Friday, 15 March 2013

The Dark Heart of Old Havana: scent story 10



The story

It was 1998, and I went off on hols. Costa Rica first, then Cuba. It was my birthday present to myself, and I decided that the best way to get to know some genuine Cubans was to go somewhere I could learn to dance. Oddly, my bicycle taxi man decided to take me to the Caseón del Tango, not your usual salsa place. I went there every day for a lesson with Ketty Angel and a man called Felix, and at the end of the week I was invited to what I thought was a little party. My Spanish wasn’t all that good, and it turned out that I was performing on stage in front of 200 elderly Cuban tango fans. It was one of the best things I’ve ever done, not chickening out when Iight dawned.

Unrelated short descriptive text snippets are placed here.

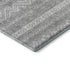 5' X 8' Gray And Silver Southwestern Washable Area Rug With UV Protection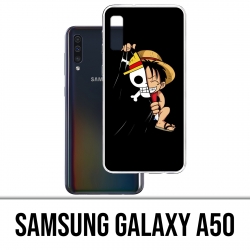 Coque Samsung Galaxy A50 - One Piece baby Luffy Drapeau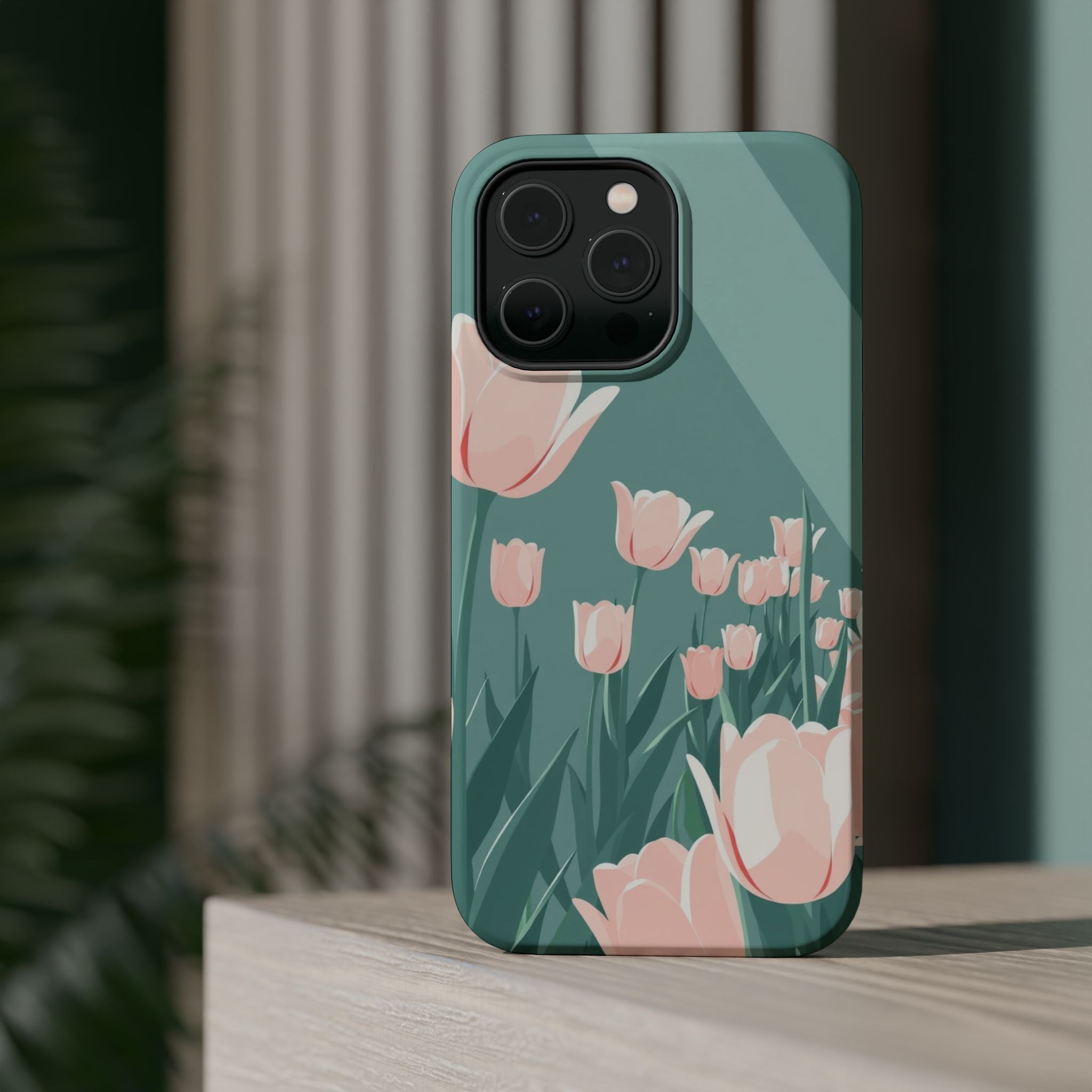 iPhone Tulip Row Enchanted Art Slim Everyday Designer Case · iPhone Case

Afterwards I was hugged and kissed by all 200 of them, just for showing up and having a go. There’s a picture that goes with it. I’ll see if I can find it.

Havana was intriguing, with a permanent sense of insecurity. People are prepared to do almost anything to part you from your foreign cash. You can try to stay in the tidy bits with your tour manager, or you can stray off the path and visit the darker parts. I ended up one evening in a tiny apartment - built from breeze blocks with another forty like it, stacked up on top of each other inside a former grand villa - eating rice, beans and fresh lobster ($5 each right out of the sea, I paid) with a bunch of elicit ‘banana cigar’ sellers and rent boys. We had a great time, although they’d have been arrested for talking to a tourist without a license if I’d been found there.

They have tobacco, sugar, rum and fruit. They don’t have much of anything else. And there’s ingenuity, humour, fatalism and sweltering heat. And this is the way I remember it smelled, walking through Old Havana to the Caseón del Tango at night. 

There are three versions: ‘tourist’, ‘dark’ and ‘now I’m really scared’. I went with ‘dark’ and its heart is made with the scary version.

The materials

In its intense heart, there are vanilla, tobacco, jasmine, toffee and tonka, with extra added dirty. For the abundance of fruits I went with oranges, peaches and grapefruits. Vanilla, labdanum and synthetic musk bring it back from scary to dark, and I put in some black peppercorn for spice, because that’s just the way Old Havana is.